One person can be blamed for bursting the bubble – Lloyd Varma. He defaulted on 20 mortgages for 10 properties in Queens.
Only 3 years previously Varma appeared to be an ordinary citizen displaying no opulence for the outsider. But he managed to persuade 10 banks to grant him 20 mortgages to purchase 10 houses stretched across Queens (south).
All this was done within a mere 51 days just prior to the housing collapse. Without making any down payment he took $6.4 million as loans!
Then the inevitable happened – he defaulted one by one on each of the loans and as 2007 drew to a close 8 of his houses had been foreclosed upon. It meant that the adjacent houses saw the value of their properties falling. Currently the banks have repossessed 4 of these units while the others are running through the foreclosure course.
The story of the failure and success of Varma focuses on the dangerous defect in the system. The banks were literally blind when then handed over loans to many like Varma without checking on them thoroughly. Their activities caused a rippling effect to run through the entire economy.

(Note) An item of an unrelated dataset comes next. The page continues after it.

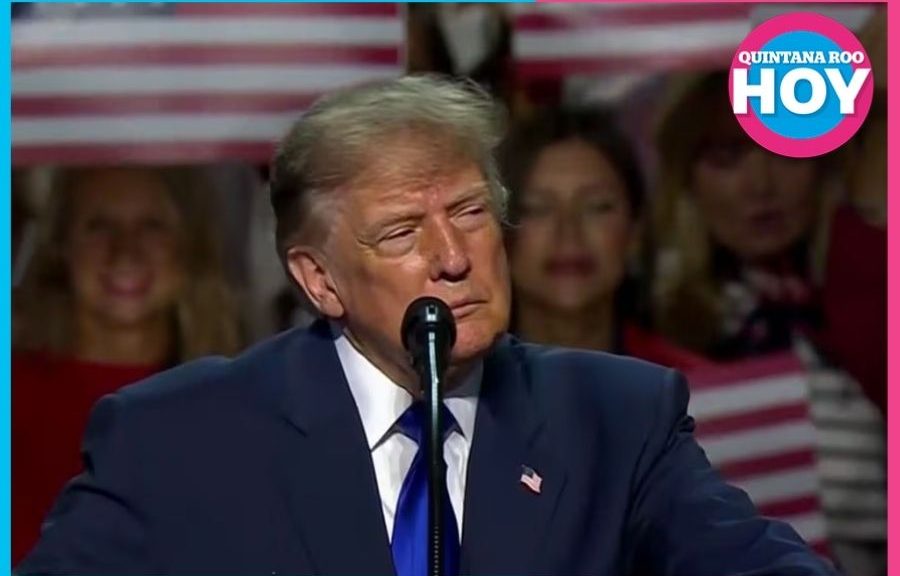 Trump ofrece 5 mil dólares si gana el Partido Republicano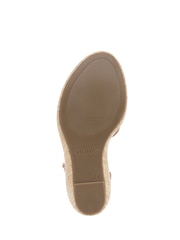 Vionic Marina Ankle Strap Wedge Sandals - Image 7 of 7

Weighed down with millions in delinquent loans the banks had no other route open to them but to cease lending; credit froze.
Foreclosures pulled down neighbouring property values of those who had never defaulted. The tenants in foreclosed homes found themselves suddenly shelter-less for no fault of theirs.
Josh Zineer of Neighborhood Economic Development Advocacy Project said, “There weren’t any checks on whether mortgages were affordable or viable, so sub-prime lenders were writing these mortgages because they could sell them to Wall Street.” He referred to the incident of Varma as “an egregious example of something that was rampant all over the city.”
Analysts say that Varma could purchase the houses in such a short period because for each unit he went to different banks. The latter were not aware of this. This has posed the question about what Varma disclosed about his liabilities.
Sometime in 2008 Varma filed bankruptcy in which he listed only 3 of his 10 properties.
Currently Varma is not accepting phone calls and refuses to talk. Nan Bedsi, his attorney also failed to make any comment and said, “I don’t have to answer your questions.”
Varma wildly started purchasing houses from 30th November 2006 to 19th January 2007 – immediately prior to the burst.